Весной 1907 года – этот временной отрезок не охвачен дневниками Катрин – разгорелся второй скандал. О нем известно меньше, но основания были те же самые: когда Катрин бросилась между родителями, Поцци под горячую руку отвесил ей пощечину и «чуть не задушил». И вновь дочь сбежала в Англию, где знакомые нашли для нее временное пристанище в оксфордском колледже Святого Гуго. Там в течение всего весеннего семестра она – не первая и не последняя – терпела дожди, холод и одиночество. Помимо всего прочего, она раздосадовала сокурсниц-феминисток, заявив на открытых дебатах, что женщина – это «всего лишь изначальная масса возможностей, которая ждет ваятеля-мужчину». Однако ее академические успехи произвели впечатление на преподавателей, и ей предложили постоянную работу начиная с осеннего семестра. На случай возращения она сняла квартиру и с уверенностью отбыла на каникулы во Францию. Катрин связывала свое будущее с Англией, где видела себя дипломированной мыслительницей, планировала писать эссе, заниматься журналистикой и, возможно, литературоведением. В этой холодной и суровой стране, подарившей миру множество прекрасных поэтов, она не собиралась размениваться на мелочи. Ее университетская наставница мисс Миллер внушила девушке, что та способна к достижению высоких целей. Однако никакие решения не могли приниматься без участия матери. С помощью лести, слез и эмоционального шантажа Тереза убедила дочь отказаться от академической карьеры, не сделав и шага в сторону науки. Катрин потом долго сокрушалась, что ее лишили английского будущего. Помимо всего прочего, Тереза уговорила Катрин пойти на мировую с отцом после долгих месяцев их обоюдного молчания. В таких семейных драмах мадам Поцци, даром что немая, играла далеко не пассивную роль.

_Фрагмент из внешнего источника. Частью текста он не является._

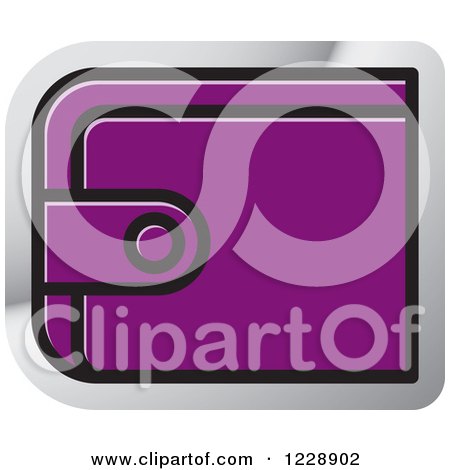 Clipart of a Purple Wallet Icon - Royalty Free Vector Illustration by Lal Perera
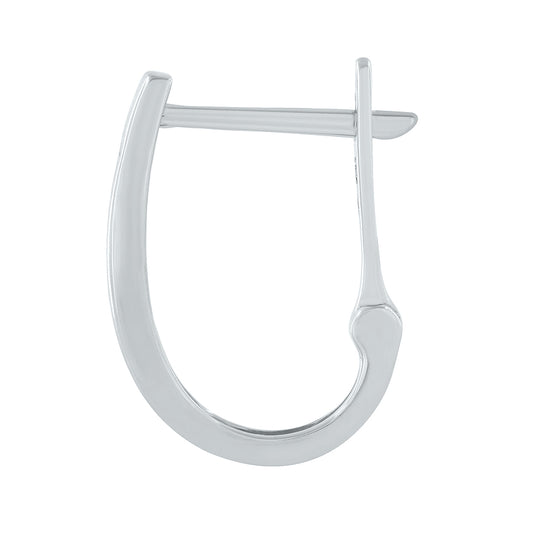 Channel-Set Diamond J-Hoop Earrings in 10K White Gold (0.15 ct tw)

Одетая по французской моде Катрин Поцци с однокурсницами
Художник создает изображение, или версию, или интерпретацию, которые прославляют изображаемую личность при жизни, увековечивают после смерти и, возможно, разжигают искру зрительского любопытства на протяжении последующих столетий. Это звучит слишком упрощенно, однако порой именно так и случается. Меня, например, увлек сарджентовский портрет доктора Поцци, мне захотелось узнать, как жил и работал этот человек, потом я рассказал о нем в данной книге и по-прежнему считаю то изображение правдоподобным и чрезвычайно эффектным.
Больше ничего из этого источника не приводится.